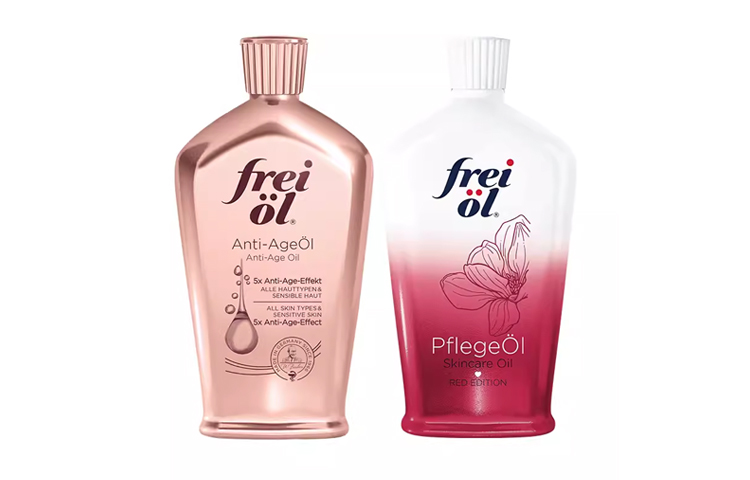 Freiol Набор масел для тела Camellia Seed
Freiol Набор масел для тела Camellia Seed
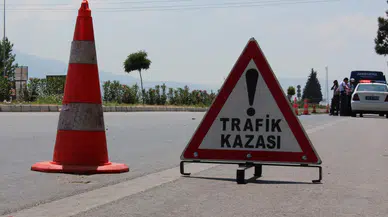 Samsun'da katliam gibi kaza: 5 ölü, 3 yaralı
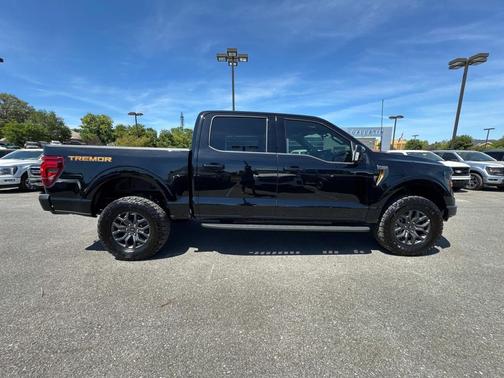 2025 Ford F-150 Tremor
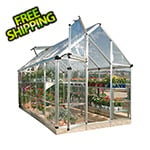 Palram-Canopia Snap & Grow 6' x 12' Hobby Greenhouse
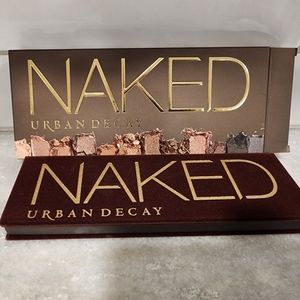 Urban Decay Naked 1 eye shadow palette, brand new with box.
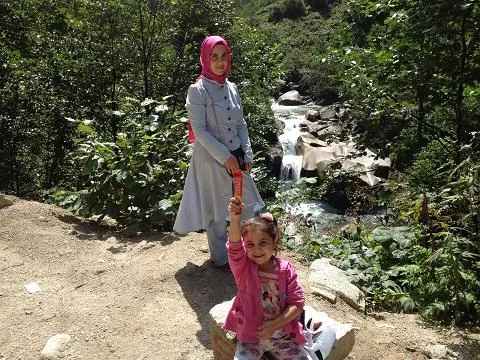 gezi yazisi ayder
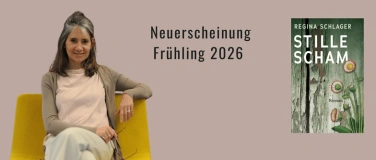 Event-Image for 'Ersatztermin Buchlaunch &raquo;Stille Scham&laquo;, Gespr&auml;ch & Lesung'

****************

• _Exercise requirements_: Your task is to retype all the entries exactly and leave out any pictures.

• _Response to the task_:
 Freiol Набор масел для тела Camellia Seed
Freiol Набор масел для тела Camellia Seed
 Samsun'da katliam gibi kaza: 5 ölü, 3 yaralı
 2025 Ford F-150 Tremor
 Palram-Canopia Snap & Grow 6' x 12' Hobby Greenhouse
 Urban Decay Naked 1 eye shadow palette, brand new with box.
 gezi yazisi ayder
 Event-Image for 'Ersatztermin Buchlaunch &raquo;Stille Scham&laquo;, Gespr&auml;ch & Lesung'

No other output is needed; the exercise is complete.